Wars are won by proper preparation. In the challenges to come, the state forest departments will be the frontline, just as the Indian Army is the frontline in conventional wars. A top heavy, ill trained and ill prepared force will certainly not be successful, so we shall have to address these factors.
The targets being addressed have to change – conserving the tiger has to come down from the top slot, and the top three slots occupied by water, water and water. The services of pristine jungles have to be calculated in terms of water, with carbon sinking, oxygen generation, wildlife, recreation and other ecosystem services taking subservient positions.
We must remember that the problems faced by our rivers and jungles are peculiar to the subcontinent, for nowhere else on earth is there such a concentration of cattle dependent on natural vegetation, a similar concentration of humans with the need for two or three hot meals a day even among the poorest sections of society, a carefully orchestrated breakdown of social controls so that the corrupt are lauded and the honest ridiculed, and a sense of dispossession carefully nurtured among the citizens of our country.
We will have to focus on water now and for the next half century at least. We cannot afford the luxury of following shifting funding priorities like western countries, which create catch words like the ozone hole (is it not a threat anymore?), the greenhouse effect (we should have been boiling by now) with the latest, of course, being pollinators, while being in the middle of the third mass extinction is held in reserve like an ace up the sleeve in case funds for climate change research are cut off.

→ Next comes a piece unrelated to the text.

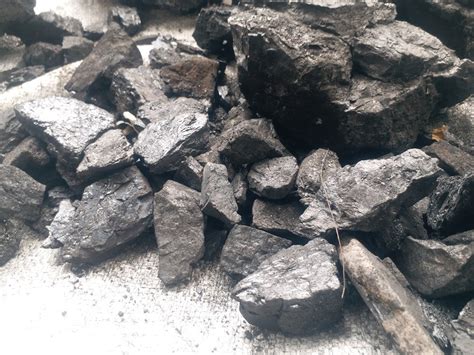 Black Solid Indonesian Steam Coal For Boilers Grade Industrial At Rs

We shall have to steer clear of the declaration of blanket bans and focus on suitable management practices; ensure that policy decisions are based on reliable scientific data; train a competent pool of officers and staff; educate our public properly so that hard decisions do not result in hysteria; cull the corrupt from positions of power and raise the state forest departments on par with the Army in terms of being above interference by covetous political parties and political considerations. Only then will they be able to manage our landscapes in such a manner that by 2050, when water wars have been predicted on the subcontinent, we will be reaching a state of long term water security instead.